Another perennial second lead, Jack Carson, doesn’t have much to do here but what he does is funny.

There is some sharp dialogue throughout, with my favorite scene being at a restaurant our leading couple goes to early on in an attempt at recapturing their original courtship. Things have changed, however, and it’s now a cheap pizza place, where they end up eating outside with a big ol’ white cat sleeping on their table, which gives Montgomery some clever and amusing lines indeed.

Sir Alfred’s involvement feels negligible.

I kept thinking if a dead body would turn up, reuniting the couple to solve the murder, it might have been a better picture.

Even Hitch’s trademark cameo is pretty much unnoticeable. I had to look up where it was and go back to watch for it. (Reportedly Lombard directed that bit, with scores of takes!)

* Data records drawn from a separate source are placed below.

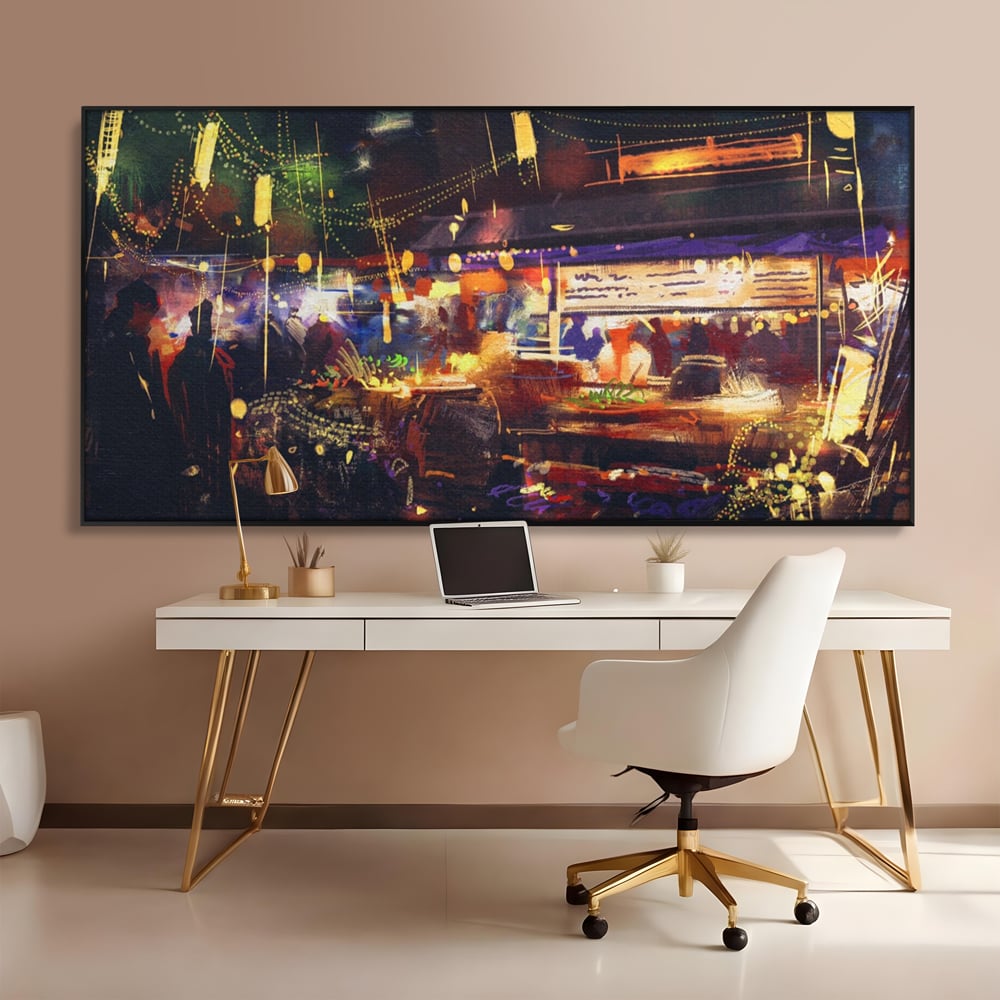 Leinwandbilder Premium LuxCanva® A1290, Bunter Markt, Wohnen, Laden, Menschen, Abstrakt, Lichter, Kräftige Farben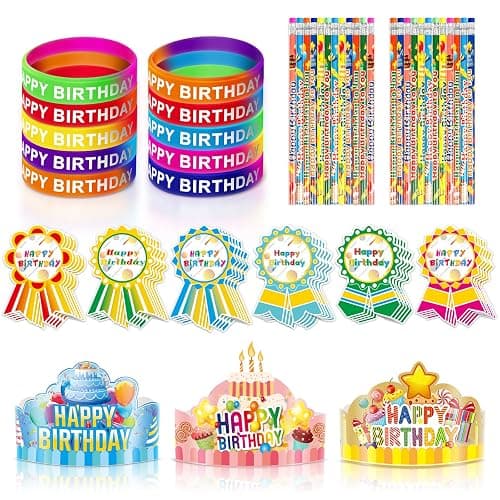 LACCHOUFEE 120 Pieces Happy Birthday Kits for Kids Classroom - Include Adjustable Happy Birthday Hats, Colored Silicone Stretches, Badge Stickers and Pencils, School Kindergarten Party Supplies - Image 1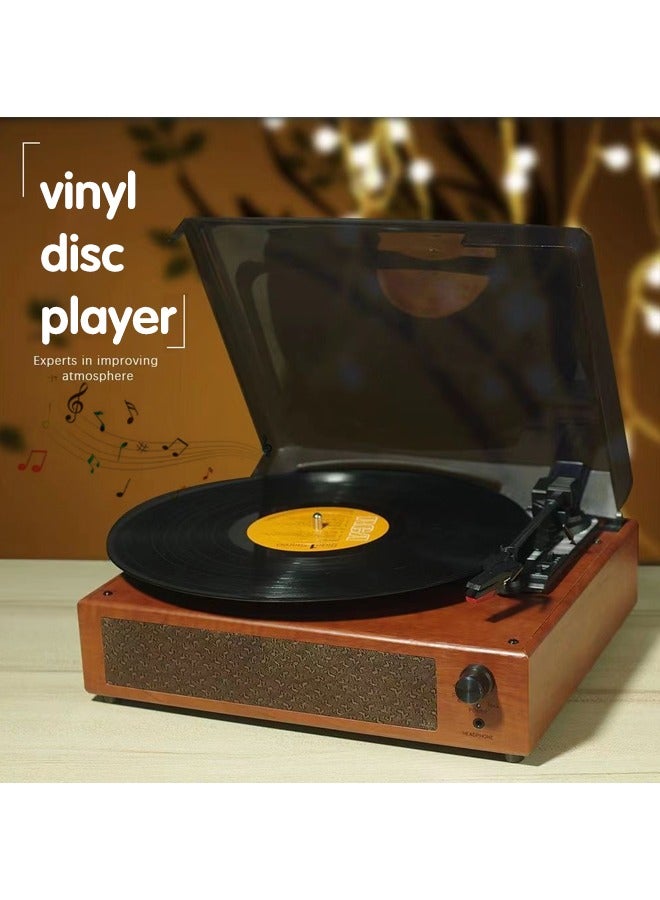 Vintage Vinyl Record 3-Speed Bluetooth Portable Suitcase Record Player with Built-in Speakers Bluetooth Wireless Playback Headphone Auto Off, Multimedia Center for Entertainment and Home Decoration - Image 1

You know going in with this type of picture that the couple will get back together, but by the time it happens, and because of the way it happens here, you realize you’d have been perfectly happy—and they probably would’ve been, too, if they hadn’t.

Lombard made only one more picture after this one, To Be or Not To Be, with Jack Benny. Montgomery eventually concentrated on being a producer. Hitch would go on to direct his greatest films in a career that lasted another three decades and more.

The remastered print looks better than it ever has and extras include a featurette, two cartoon shorts, two audio only radio broadcasts, and a trailer.

If you’re a fan of any of those involved, it’s worth seeing, but don’t expect their best work.